AVAILABLE DATA:
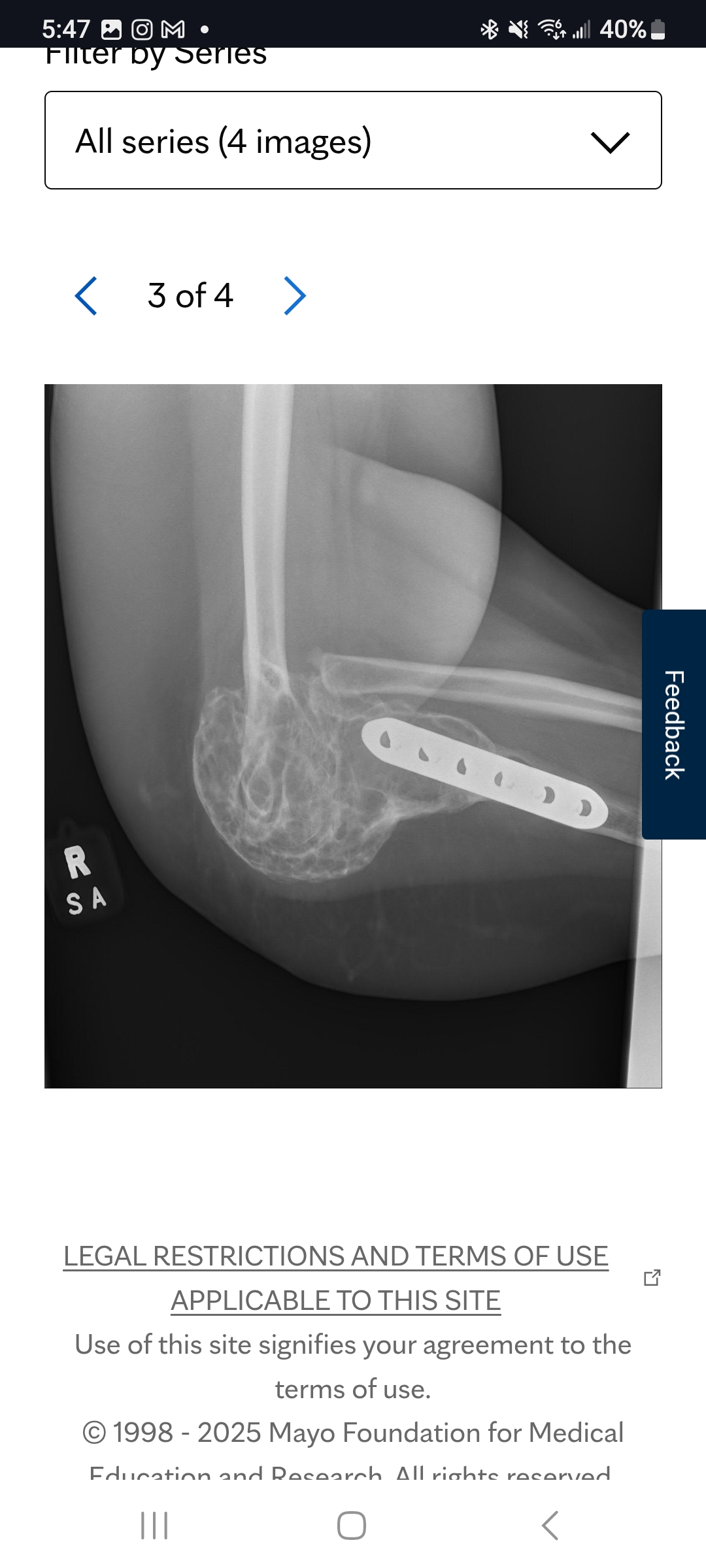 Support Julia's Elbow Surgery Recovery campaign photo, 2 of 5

---

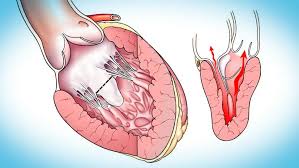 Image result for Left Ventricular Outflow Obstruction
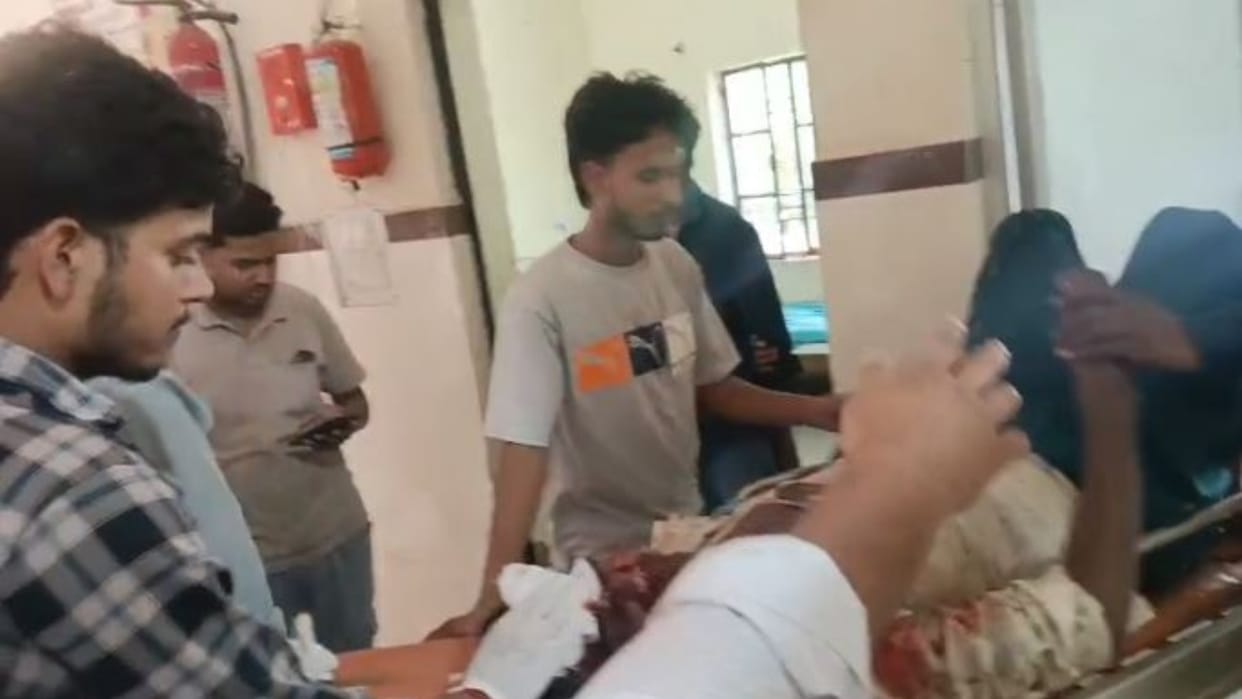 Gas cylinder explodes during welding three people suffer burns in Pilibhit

WORK ORDER: Set the pictures aside and retype exactly the lines above from the line with "Image result for" to the line with "Gas cylinder explodes", both included, adding no others.

RESULT OF THIS EXERCISE:
 Image result for Left Ventricular Outflow Obstruction
 Gas cylinder explodes during welding three people suffer burns in Pilibhit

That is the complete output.